Cala Caisa (*1986 in München) lebt und arbeitet als zeitgenössische abstrakte Künstlerin in München. Prägend für ihre künstlerische Entwicklung waren Jahre im Nahen Osten, wo sie einer internationalen, von Dynamik und kulturellem Wandel geprägten Kunstszene begegnete. Aus dieser Erfahrung heraus entstand ein Werk, das sich mit der Frage beschäftigt, wie innere Veränderungsprozesse sichtbar werden können. Ihre Arbeiten verbinden geometrische Malerei mit handvernähten Fäden und bewegen sich an der Schnittstelle von Bild, Textil und Raum.

Charakteristisch für ihre Bildsprache sind klare Formen, geschichtete Farbfelder und präzise gespannte Linien, die eine subtile räumliche Tiefe erzeugen. Je nach Lichteinfall, Distanz und Blickwinkel verändern sich Wahrnehmung und Wirkung der Arbeiten. Was zunächst stabil erscheint, gerät in Bewegung und wird zum visuellen Sinnbild von Perspektivwechsel, Entwicklung und innerer Ausrichtung. Die Fäden fungieren dabei nicht nur als formales Element, sondern als sichtbare Spuren von Verbindung, Erinnerung und Transformation.

Im Zentrum von Cala Caisas künstlerischer Praxis steht der Moment des Übergangs: das Verlassen vertrauter Muster, das Überschreiten innerer Schwellen und das Vertrauen in das Unbekannte.
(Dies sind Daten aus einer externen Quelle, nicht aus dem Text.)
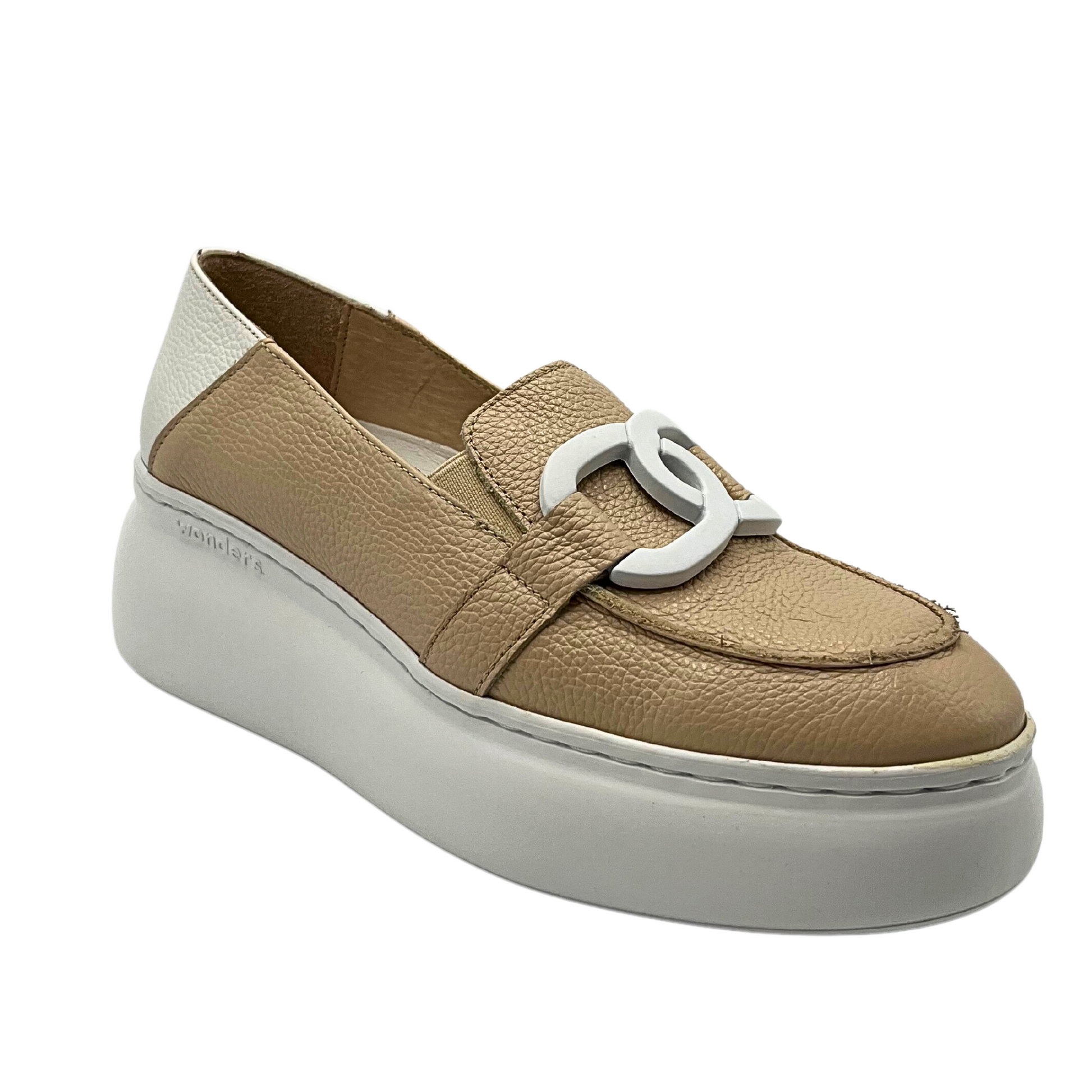 Angled front view of the Wonders Clara slip on loafer  with tan coloured upper and white sole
Werkgruppen wie Limen Spei („Schwelle der Hoffnung“), Linea Temporis oder Sol Emergens greifen diese Themen auf und verdichten sie zu stillen, konzentrierten Bildräumen. Ihre Arbeiten eröffnen Orte der Reflexion, in denen Klarheit und Offenheit, Struktur und Emotion miteinander in Dialog treten. Sie laden dazu ein, innezuhalten, den eigenen Blick zu verändern und Veränderung als Möglichkeit zu begreifen.